Freeland, Nalepa und Ry X überlassen nichts dem Zufall. Jeder Soundschnipsel, jedes Hintergrundzirpen ist exakt dort, wo es sein soll. So knistert und knackst es heimelig im Opener "Animal", während die Stimme suchend umherirrt zwischen knochentrockenen Beatfragmenten. Auch das pulsierende "Veda" und das friedlich dahinpluckernde "Ra" sind in erster Linie auf Harmonie getrimmte Miniaturen, deren elektronischer Kern durch spärlichen Klavier- und Gitarreneinsatz mit einer menschlichen Note versehen wird. Während diese Stücke allesamt ohne merkliche Hakenschläge auskommen, beweist "Basic instinct", dass The Acid mehr als bloßen Wohlklang bieten möchten. Der um ein folkiges Gitarrenmotiv aufgebaute Song bäumt sich auf, bricht mit Rauschen und Dröhnen aus, und versickert schließlich ebenso friedvoll, wie er begonnen hat.

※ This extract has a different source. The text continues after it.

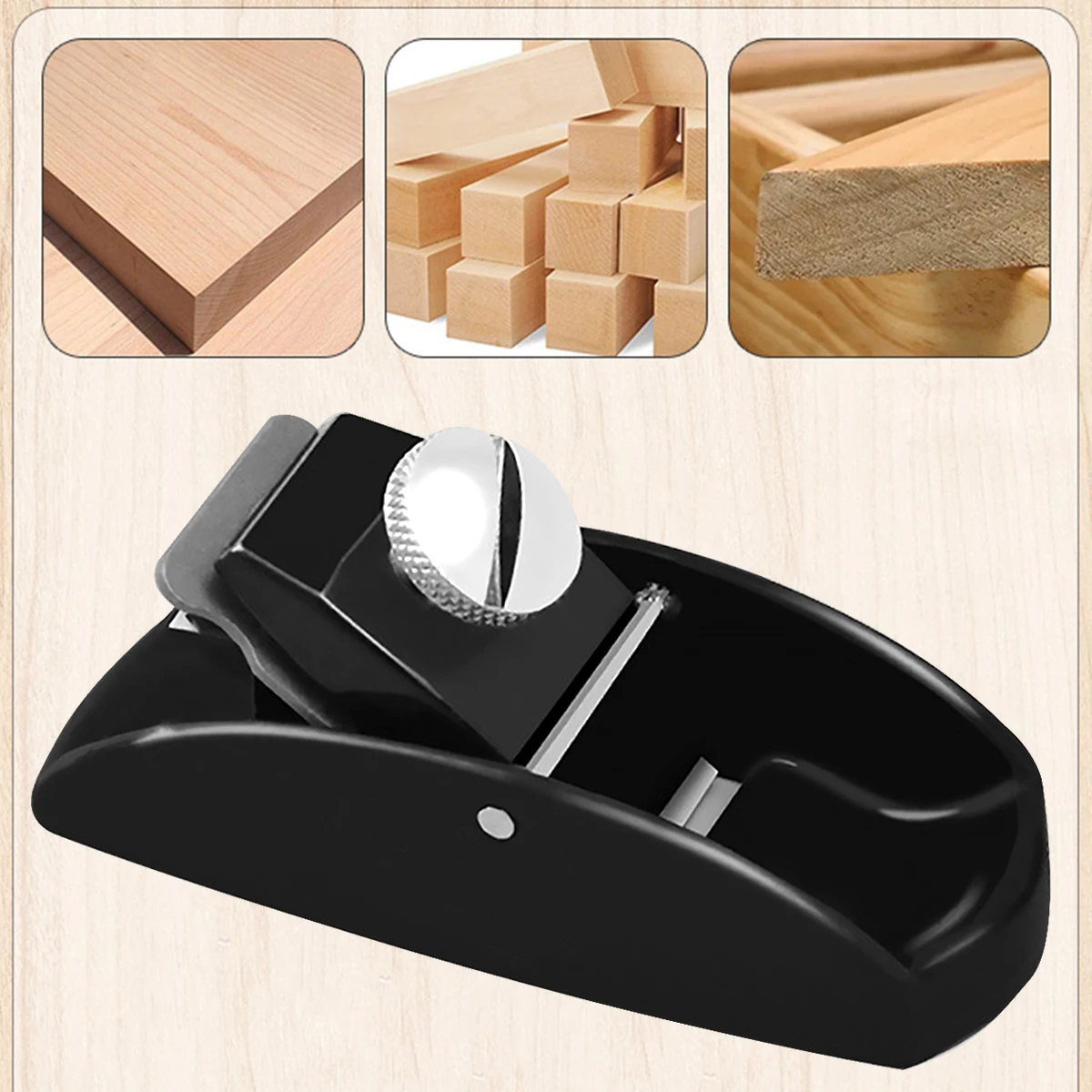 Woodworking Hand Tools Mini Hand Planer Adjustable Precise Manual Smoothing Wood Planes Trimming Tool for Wood Craft Processing Carving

Dieser Mut zum Konventionsbruch zeigt sich auch in "Tumbling lights", das mühelos den Spagat zwischen krachig-sphärischem Intro und bassgeschwängertem Electropop hinbekommt. Über allem schwebt Ry X' zittriges Falsett, was dem Song eine klaustrophobische Note verleiht. Ähnlich minimalistisch, jedoch weitaus technoider ist "Ghost". "I wanna feel ya...ghost" murmelt der Sänger wieder und wieder, während der Track langsam im Viervierteltakt der Trance entgegenschwebt. So klingt Musik, die im besten Sinne lustvoll ist. Doch erwächst aus Nähe und Intimität manchmal etwas Bösartiges, etwas gefährlich Falsches: "Creeper" ist – ähnlich wie seinerzeit "Machine gun" von Portishead – ein verstörendes Dokument kaputter Zwischenmenschlichkeit. Wer hier tanzt, hält "Mulholland drive" für einen Liebesfilm. Womit auch ein möglicher Schlüssel zur Interpretation der Musik von The Acid genannt wäre: Ähnlich wie bei Lynch geht es nicht um das Offensichtliche oder das zwingend Logische. Auch Dinge, die man geträumt hat, sind passiert. Nur nicht für alle.
Highlights
- Creeper
- Fame
- Basic instinct
- Tumbling lights
Tracklist
- Animal
- Veda
- Creeper
- Fame
- Ra
- Tumbling lights
- Ghost
- Basic instinct
- Red
- Clean
- Feed
Gesamtspielzeit: 51:39 min.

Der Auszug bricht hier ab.